*** Provided material ***
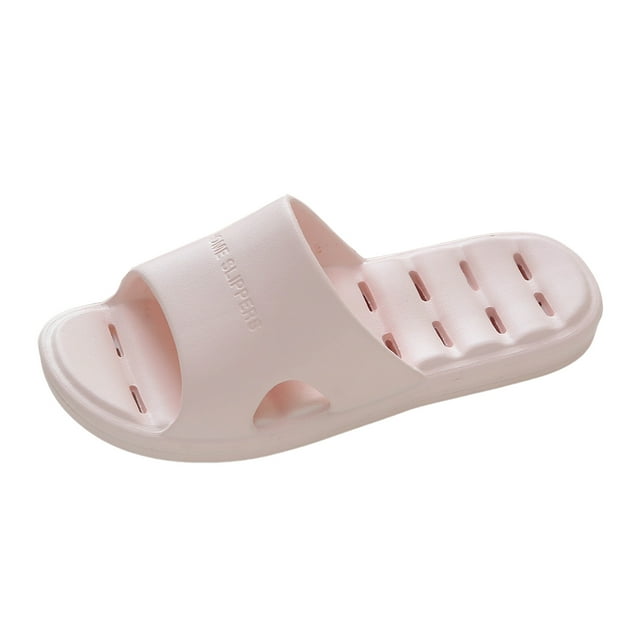 Fsqjgq Fashionable Slippers Flat Bottom Comfortable Bathroom Home Slippers Fashionable Non Slip Sandals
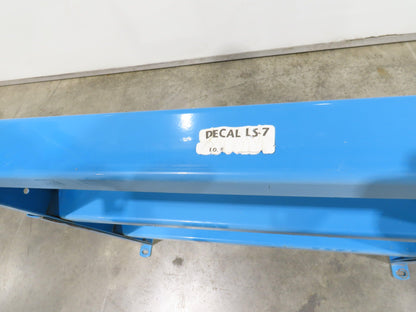 Hytrol LS-7 30"W Blue Conveyor Leg Stationary Floor Support 34" to 46"H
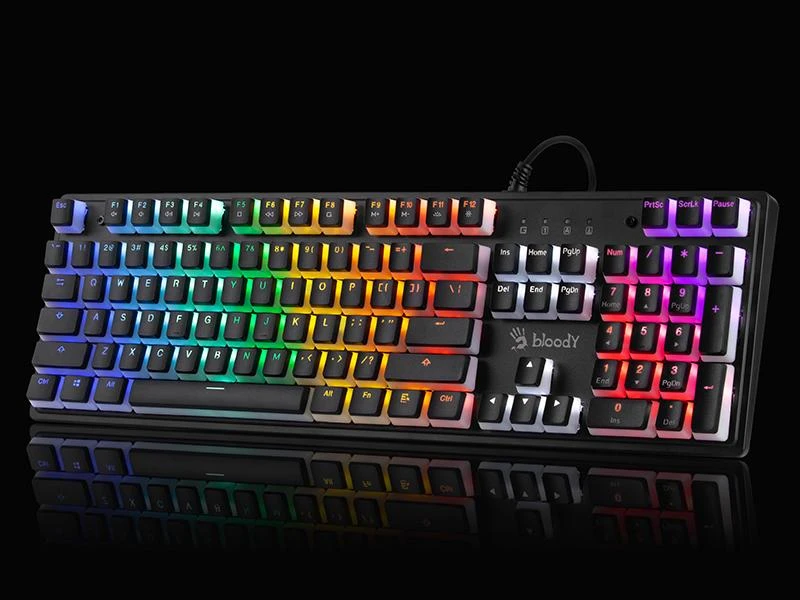 Klaviatūra A4Tech Bloody S510R pudingas (Mėlyna Switch)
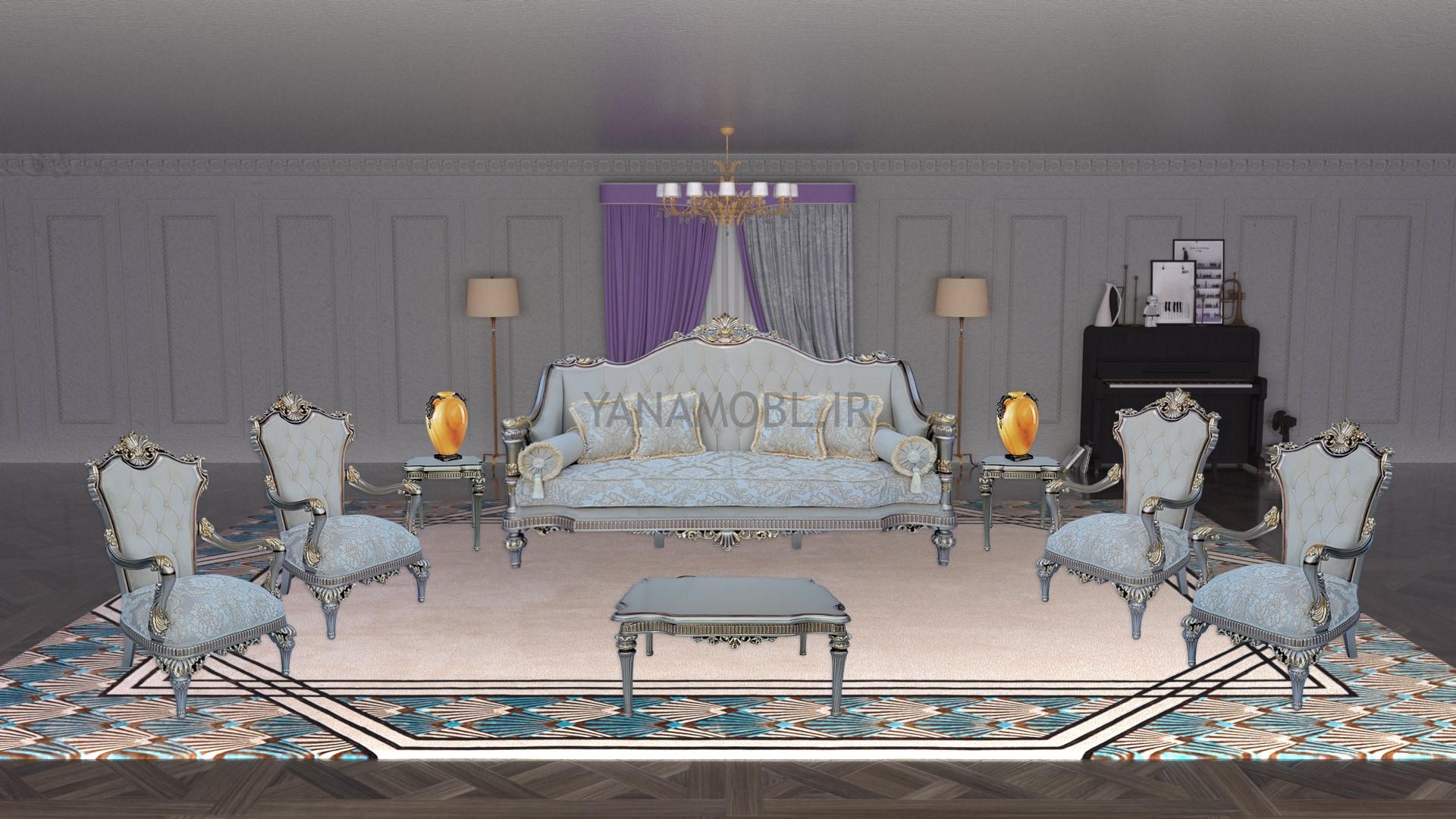 مبل کلاسیک آلیس محصول گروه تولیدی یانا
*** End of Provided material ***
Your objective
Skip all pictures. Write out only the lines from the one containing "Blue Conveyor Leg" to the end of the listing above, inclusive, exactly as given.

Written response
 Hytrol LS-7 30"W Blue Conveyor Leg Stationary Floor Support 34" to 46"H
 Klaviatūra A4Tech Bloody S510R pudingas (Mėlyna Switch)
 مبل کلاسیک آلیس محصول گروه تولیدی یانا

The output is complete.